Grilled fruit in mint and citrus syrup
Time to make: 20 mins , plus chilling
Total cost: $ 10.27 / $ 2.56 per serve
(at time of publication)
- 1 cup orange juice, freshly squeezed
- 1/3 cup lime juice, freshly squeezed
- 1/4 cup cold water
- 2 cinnamon sticks
- 1/3 cup palm sugar, finely chopped
- 1/3 cup mint leaves, shredded
- cooking oil spray
- 500g pineapple, peeled, halved lengthways and thickly sliced
- 2 navel oranges, peeled and thickly sliced
- low-fat passionfruit yoghurt to serve
Total fat 2.9g
Saturated fat 0.4g
Dietary fibre 2.9g
1 Combine the juices, water and cinnamon in a small saucepan. Add the sugar and stir over low heat for about 2-3 minutes, or until the sugar dissolves. Increase heat to medium and simmer, uncovered, for about 8 minutes, or until liquid reduces slightly and is syrupy. Remove from heat and set aside for 5 minutes to cool slightly. Pour into a large bowl, add the mint and stir to combine.

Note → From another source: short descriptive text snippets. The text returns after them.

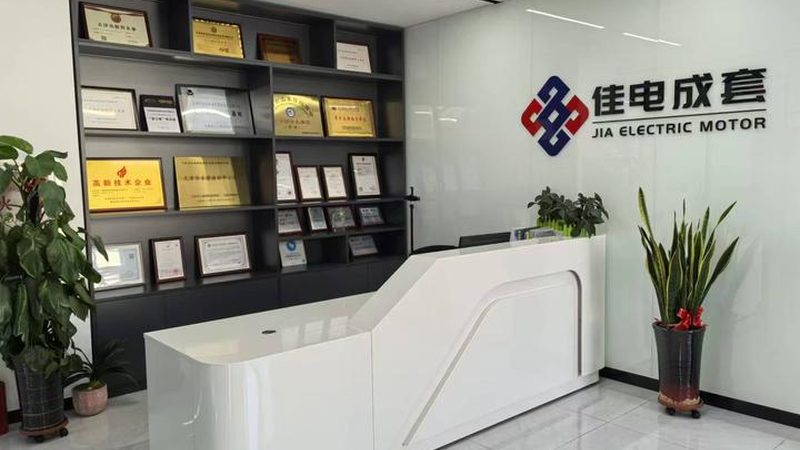 直流电机换碳刷维修价格解析：影响因素与预算规划**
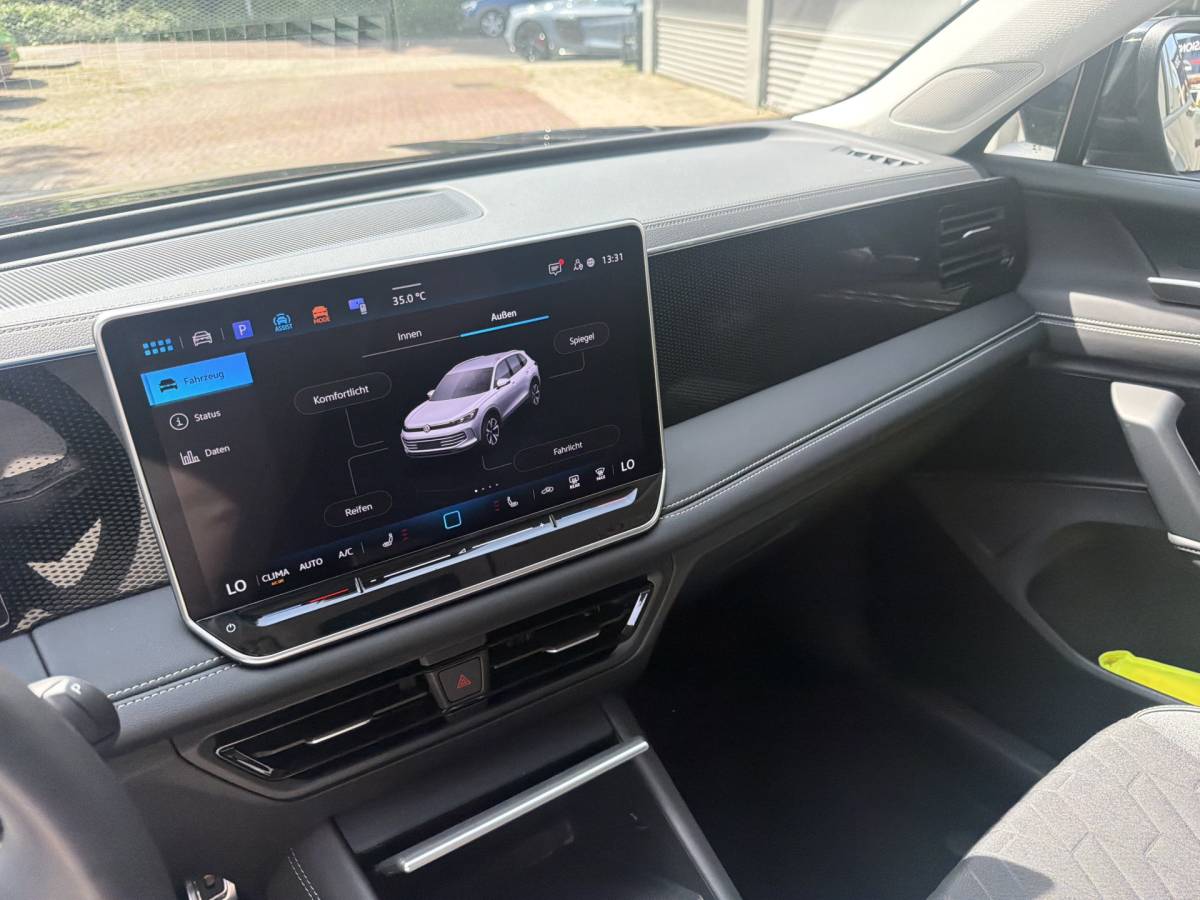Volkswagen Tiguan Volkswagen Tiguan 1.5 eTSI Life Edition 7-traps automaat 360 camera trekhaak Edition 150pk 20Inch 2025 km 31.000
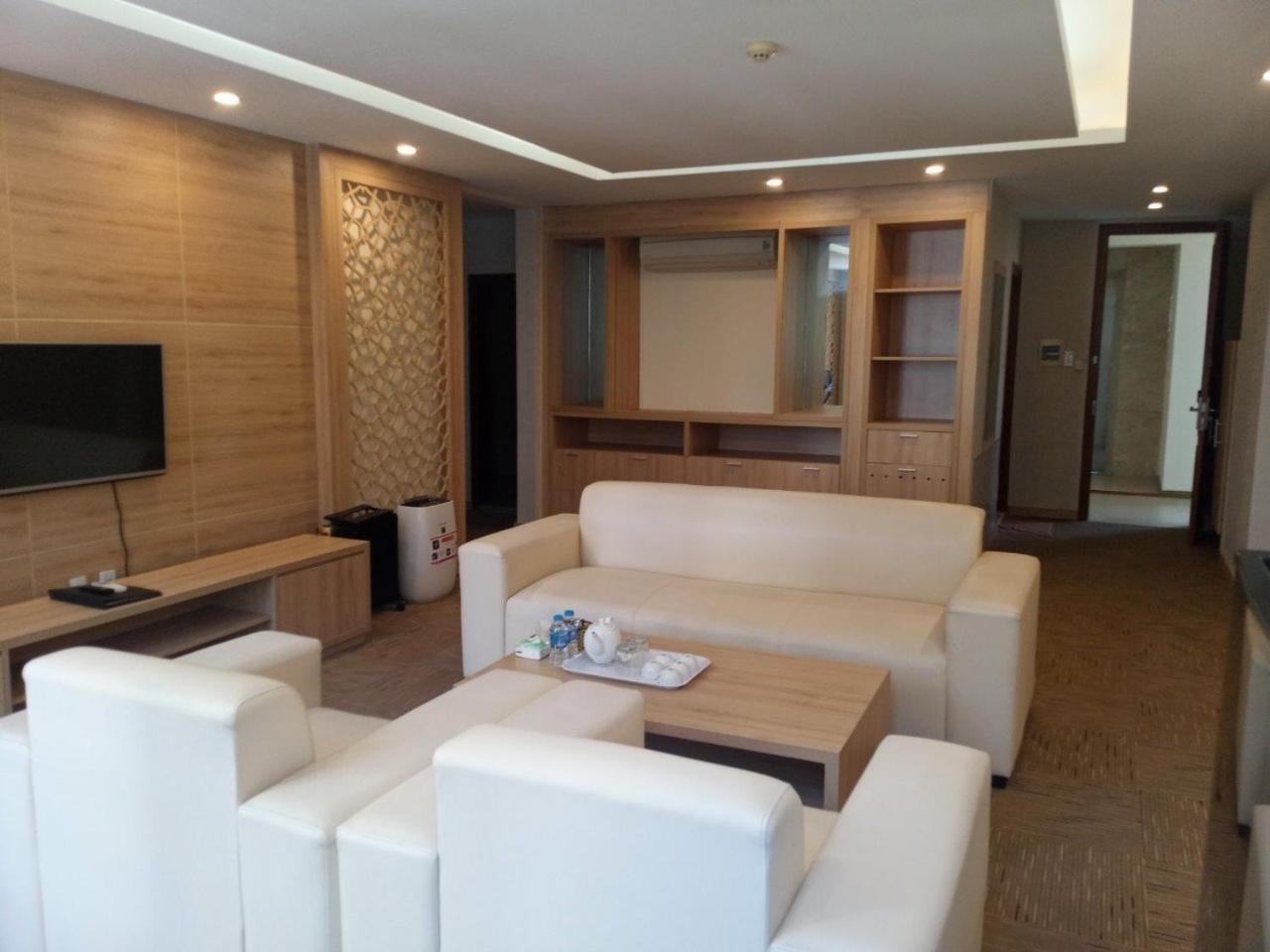 NguyẽN QuyèN Hotel Hanoï Extérieur photo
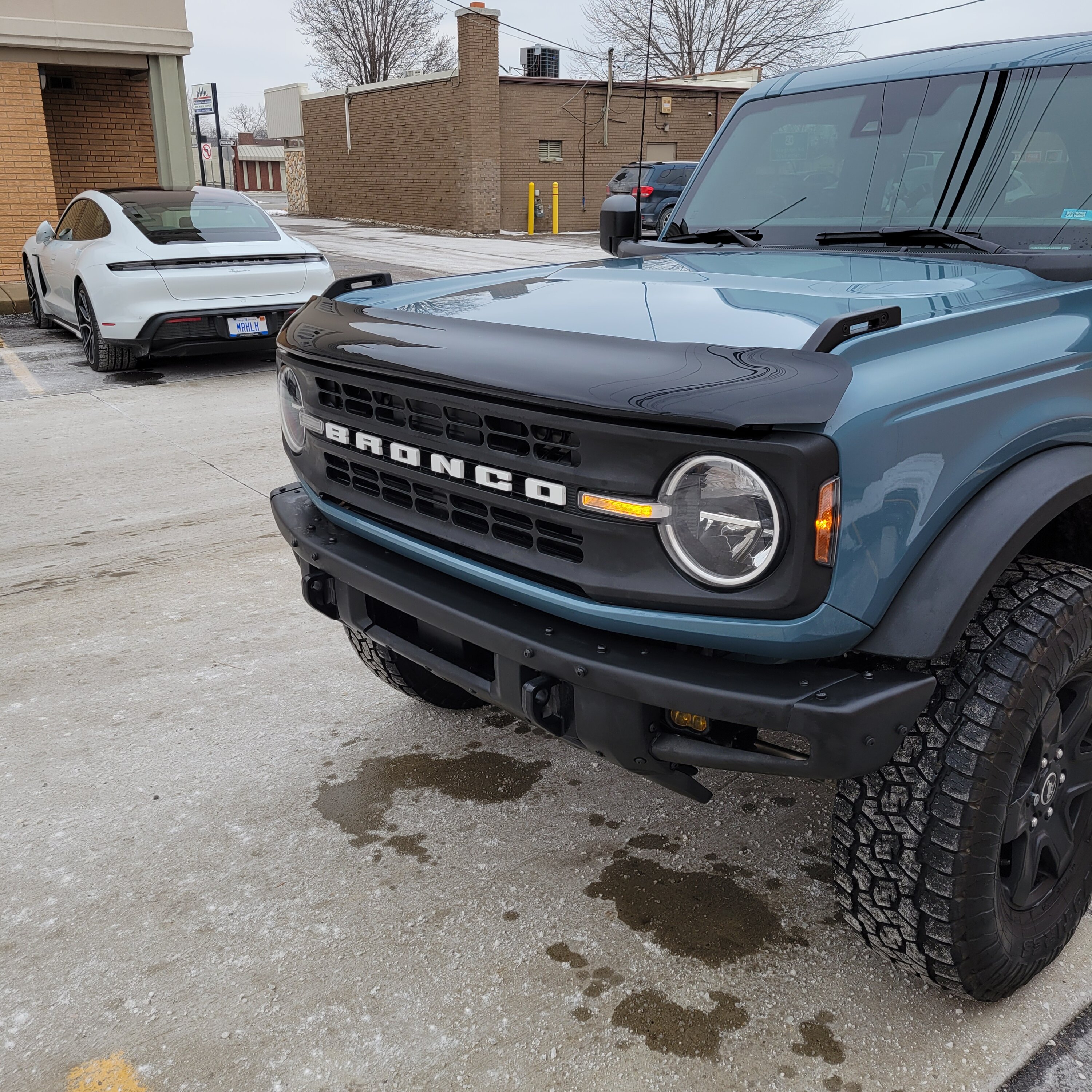 Ford Bronco Photo request: Weathertech bug deflector / hood protector 20221227_150228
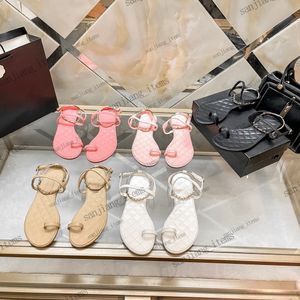 Kvinnor glider thongs thong sandaler tofflor 2c quiltade platt flip flops t rem mule hem casual skor sommar designer lyx pärla blommor bow strand utomhus sandal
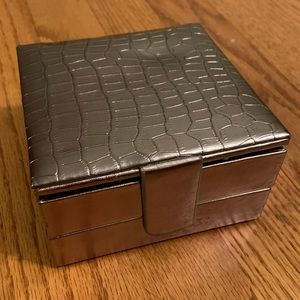 Croc design jewelry box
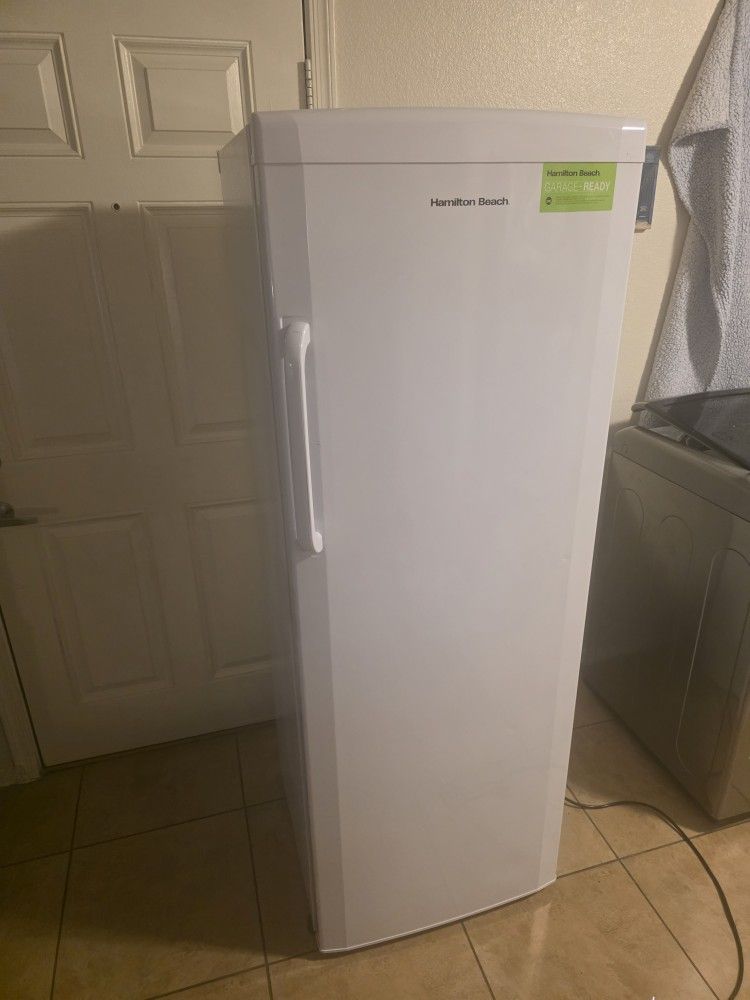Upright Deep Freezer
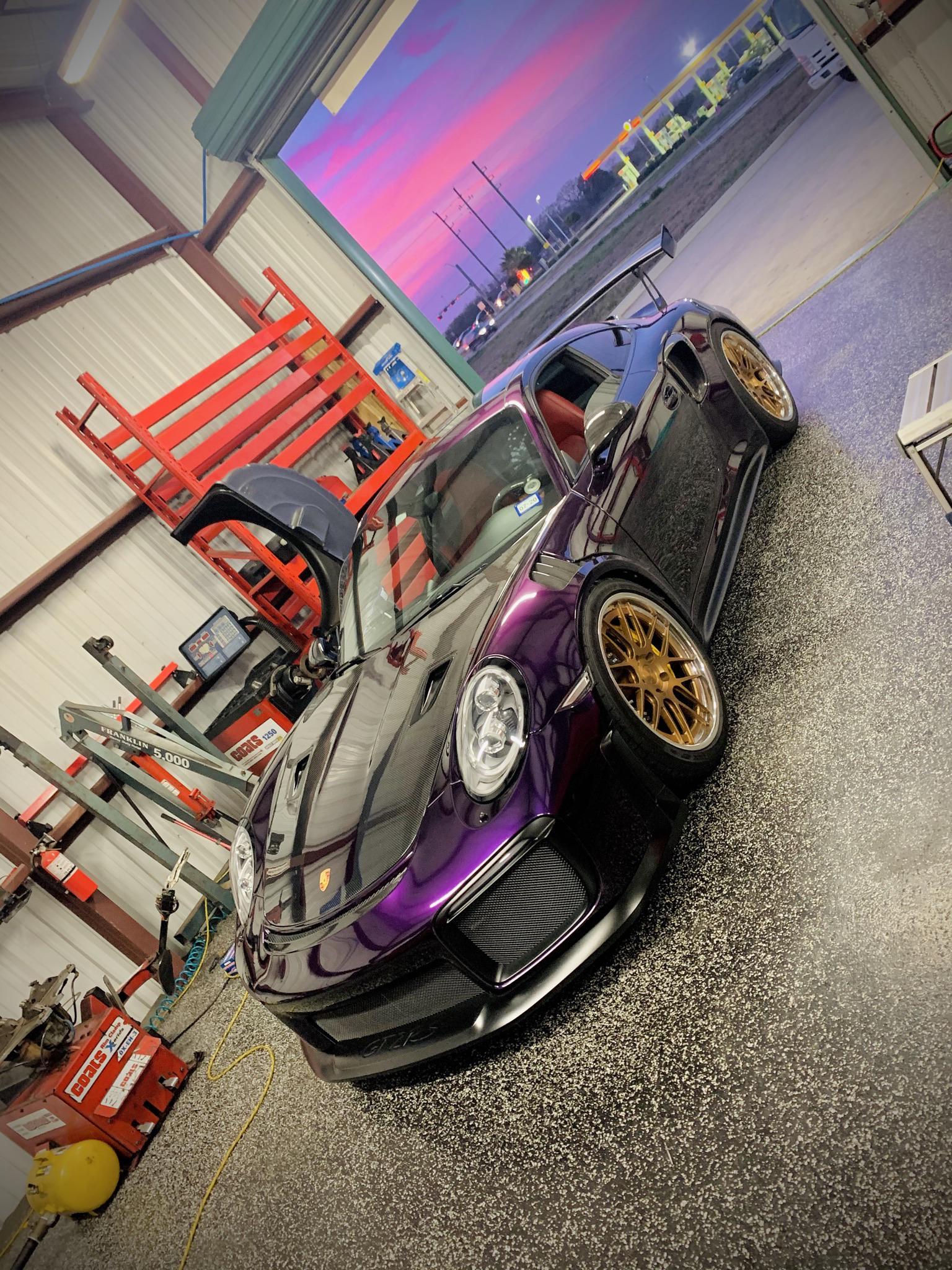 What do you guys think of the new wrap? Midnight purple 🙂 r/Porsche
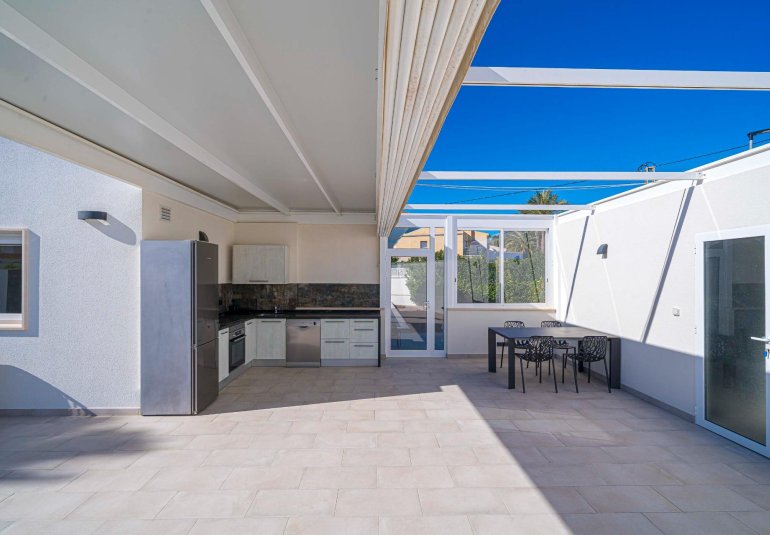 Herverkoop - Villa -
Alfaz del Pi - Albir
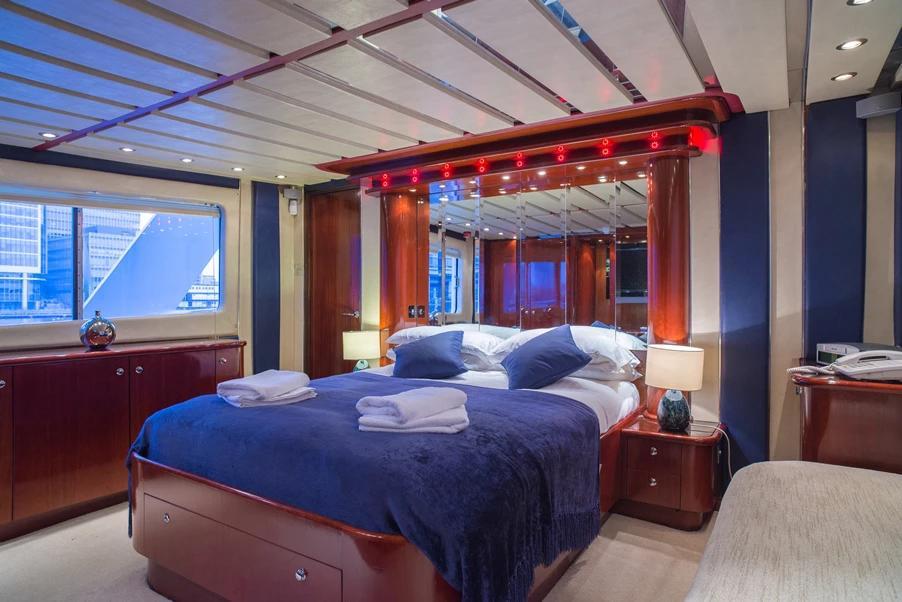 Absolute Pleasure Yacht Hotell London Eksteriør bilde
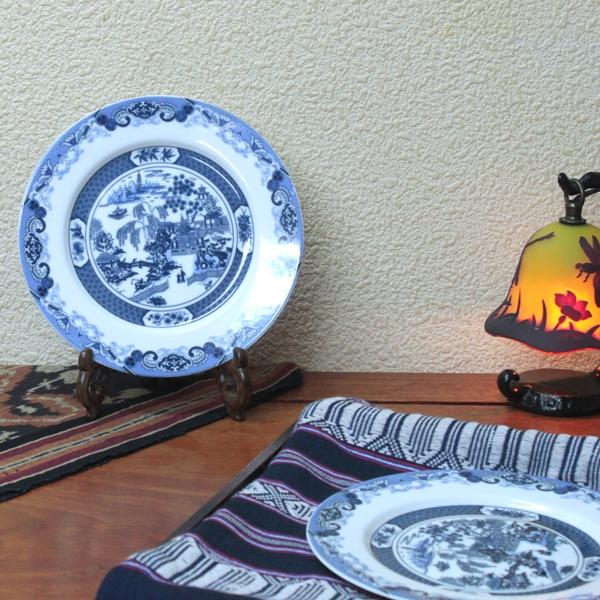 さらに値下げ 送料無料 景徳鎮 青花皿 中 2枚セット 中華 食器 プレート 丸皿 陶磁器 縁起物 飾り皿 青花 伝統工芸品 中国雑貨 風水 21 代引不可 Carlavista Com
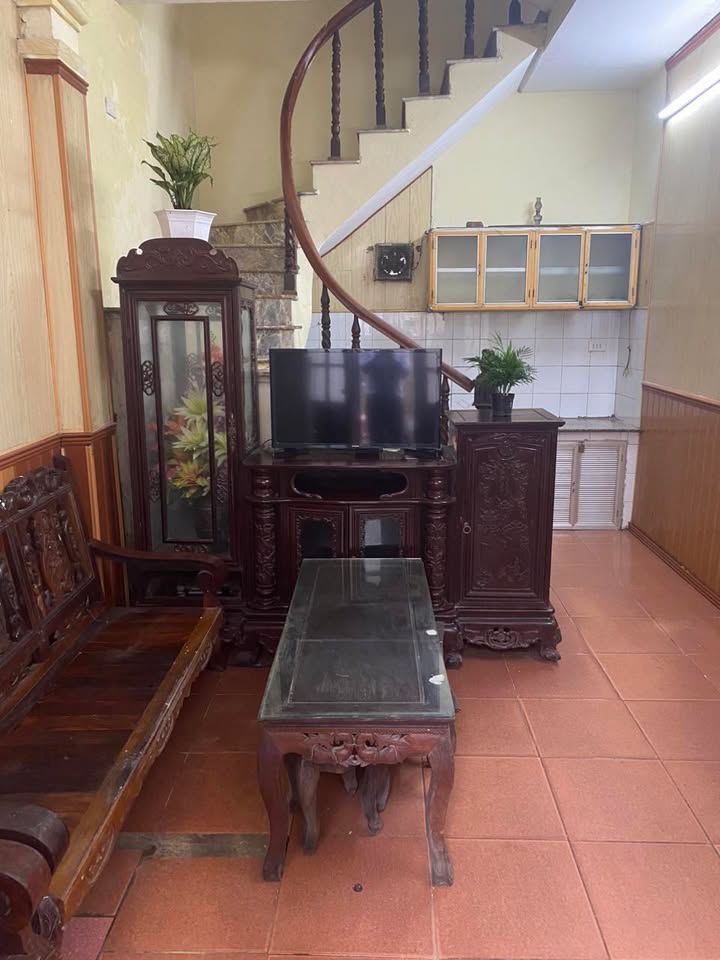 Nhà riêng 2 tầng tại 305 Vĩnh Hưng, Hoàng Mai 40m² giá 6 triệu - Thuận tiện sinh sống!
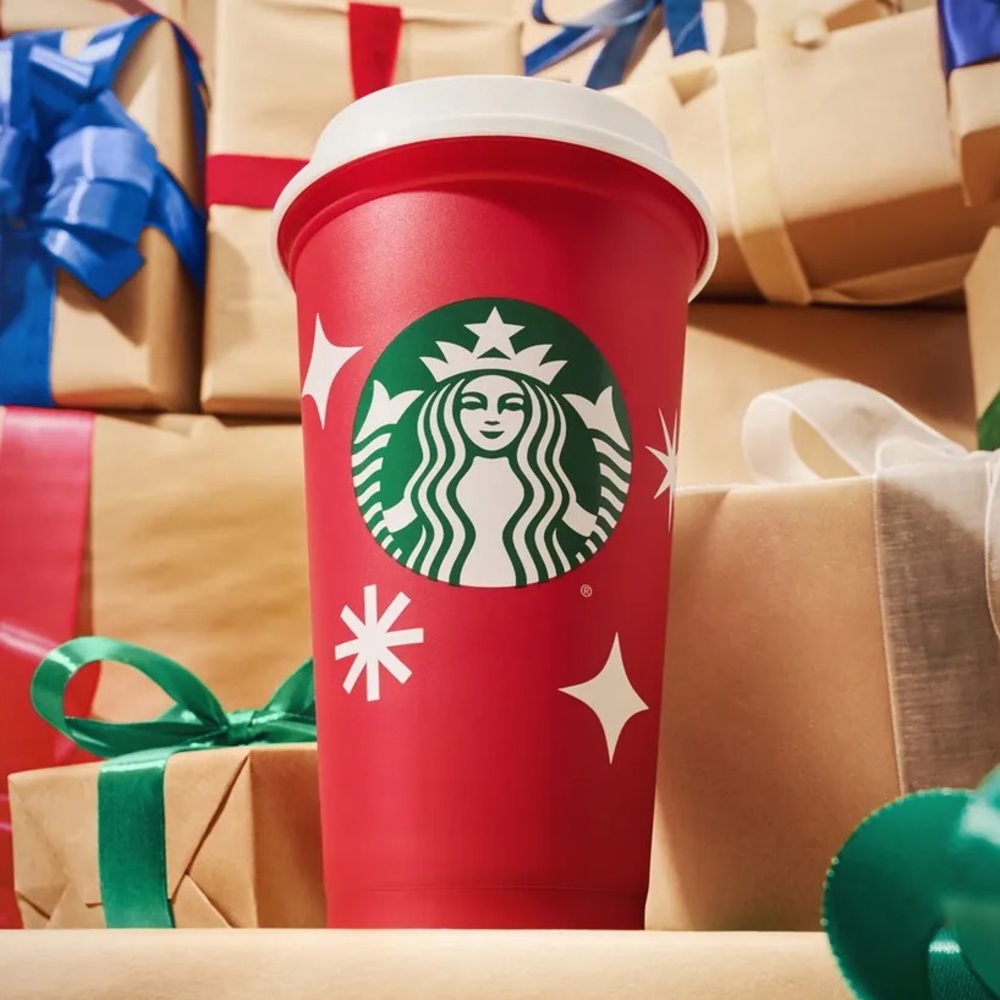 FREE with $75 purchase! NWT 2022 Starbuck’s limited edition Red Cup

2 Preheat a chargrill or barbecue grill to medium-high. Spray the fruit with cooking oil. Grill the pineapple slices for 2 minutes each side, or until browned. Transfer to the bowl with the syrup.
3 Grill the orange slices for 1 minute each side, or until browned. Transfer to the bowl with the pineapple and syrup. Turn the fruit until well coated with syrup. Cover with plastic wrap and place in the fridge for about 2 hours to chill. Remove from the fridge and set aside for 5 minutes to bring to room temperature.
4 Divide the fruit among four bowls. Drizzle with syrup, add a dollop of yoghurt and serve.